Museums serve as portals to history, offering visitors the rare opportunity to experience artworks and relics with immense cultural and historical value. Since it's impossible to turn back time and recreate these treasures, they become invaluable — until criminals make their move.
Films like How to Steal a Million and The Thomas Crown Affair portray museum heists as thrilling and glamorous. In real life, many of these heists are just as exciting, with some still shrouded in mystery. Once stolen, these priceless items can fetch millions of dollars. It’s no surprise that museums are prime targets for thieves.

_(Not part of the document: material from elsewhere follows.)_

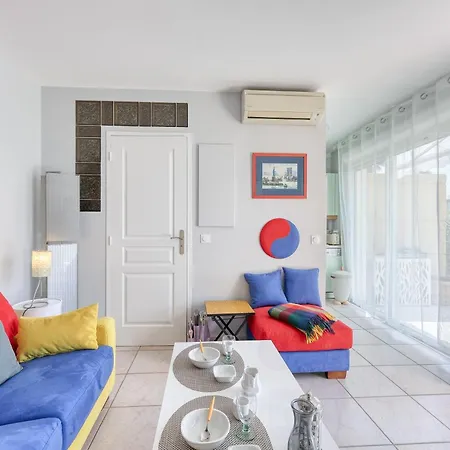 Le Toy Palm - 5min A Pied De La Apartmán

Here’s a list of 10 museum heists that remain unsolved to this day.
10. 13 Stolen Artworks, Isabella Stewart Gardner Museum, Boston, 1990

When police officers walk through a museum, visitors assume they are there to protect the priceless artworks. However, on March 18, 1990, two men posing as police officers at the Isabella Stewart Gardner Museum walked out with 13 pieces of art valued at half a billion dollars. Despite 32 years passing, the thieves remain unidentified, and the stolen masterpieces have never been recovered.

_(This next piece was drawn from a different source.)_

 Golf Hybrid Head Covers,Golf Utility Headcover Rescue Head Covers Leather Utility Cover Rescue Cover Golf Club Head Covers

Among the stolen works were paintings by Rembrandt van Rijn: A Lady and Gentleman in Black, Christ in the Storm on the Sea of Galilee, and Portrait of the Artist as a Young Man. Other missing pieces include Chez Tortoni by Edouard Manet, Landscape with Obelisk by Govaert Flinck, and The Concert by Johannes Vermeer. Additionally, five works on paper by Edgar Degas, along with two antique objects — a bronze eagle finial and an ancient Chinese gu (beaker) — were taken.
Even after all these years, new leads continue to emerge in this unresolved case.

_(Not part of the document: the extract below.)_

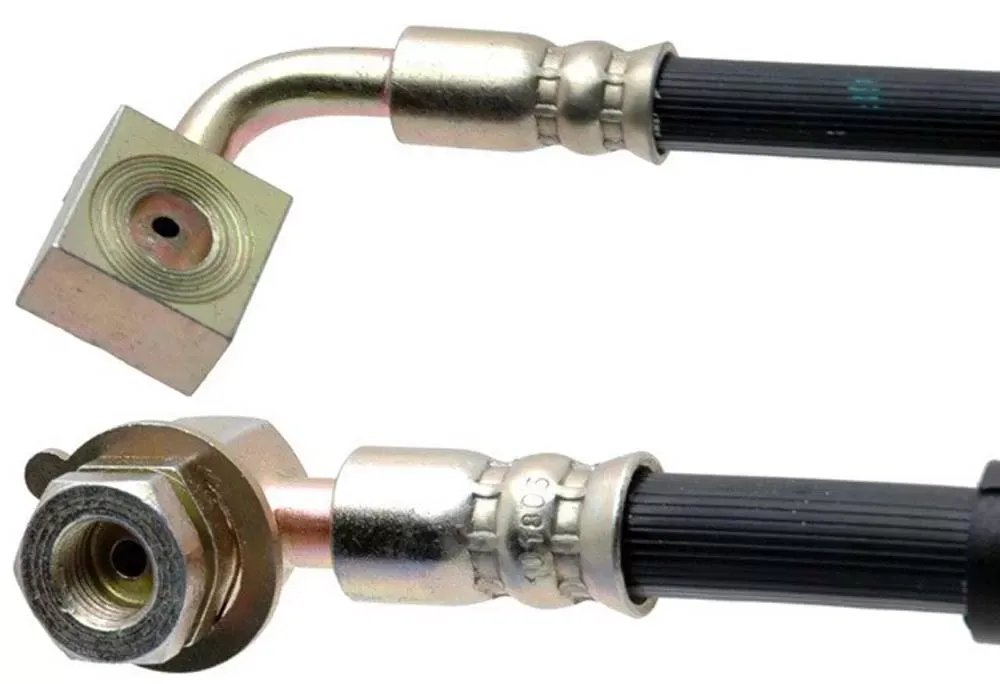 Raybestos Brakes Brake Hose Front Right BH381157 - BH381157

9. 12 Stolen Paintings, National Museum of Fine Arts, Paraguay, 2002

In July 2002, Paraguay held the largest art exhibition in its history, but it wasn’t just art lovers who saw it as an opportunity. A group of thieves meticulously planned a heist over two months. According to reports, the criminals rented a nearby storefront and pretended to be businessmen while secretly digging a tunnel leading directly to the National Museum of Fine Arts in Asuncion, the venue for the exhibition.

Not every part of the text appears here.